Problem details —
Would you transcribe the entries below, beginning at the line with "Апартаменты с беседкой на Туристической" and ending after the line with "المدارس تبدأ تسليم", exactly, with no picture and nothing more?

Information supplied —
============

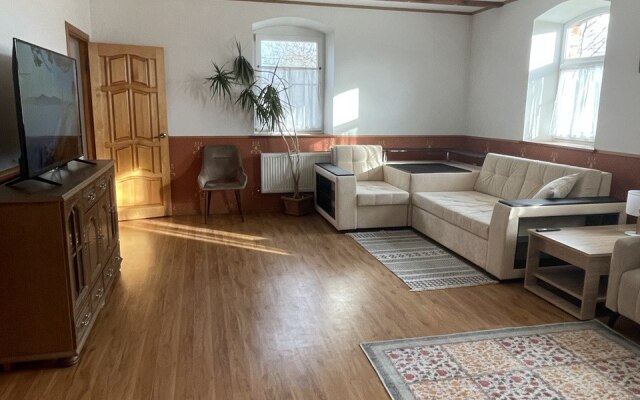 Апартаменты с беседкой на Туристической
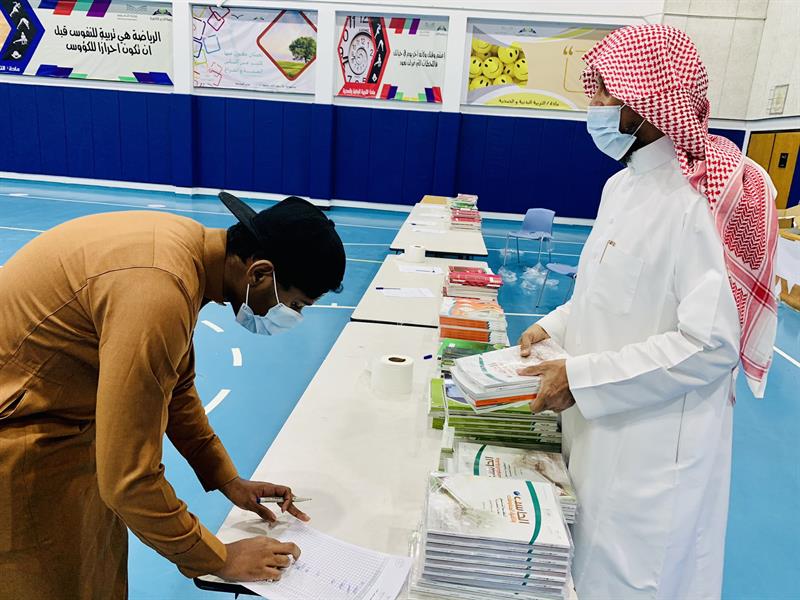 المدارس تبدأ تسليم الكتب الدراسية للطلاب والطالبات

============

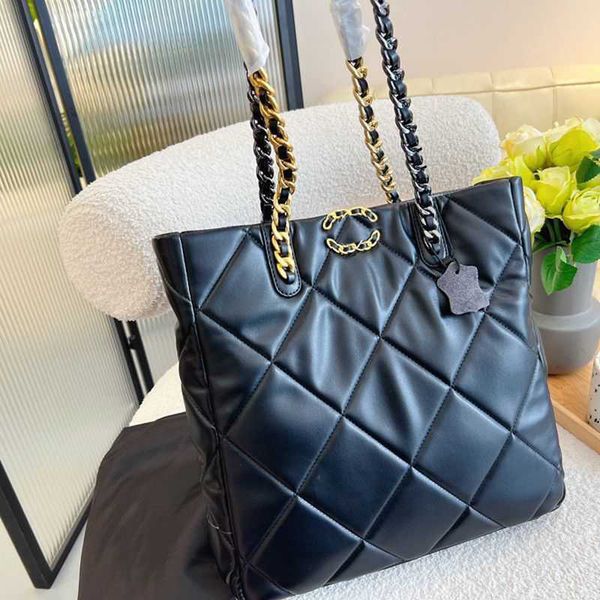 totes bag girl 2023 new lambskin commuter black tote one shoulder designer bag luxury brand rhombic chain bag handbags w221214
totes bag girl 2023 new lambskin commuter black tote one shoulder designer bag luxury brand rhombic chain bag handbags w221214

============

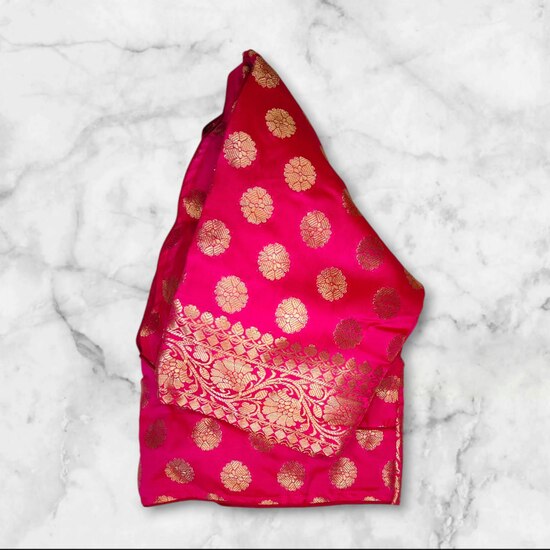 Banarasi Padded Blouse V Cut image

============

Response to this exercise —
 Апартаменты с беседкой на Туристической
 المدارس تبدأ تسليم الكتب الدراسية للطلاب والطالبات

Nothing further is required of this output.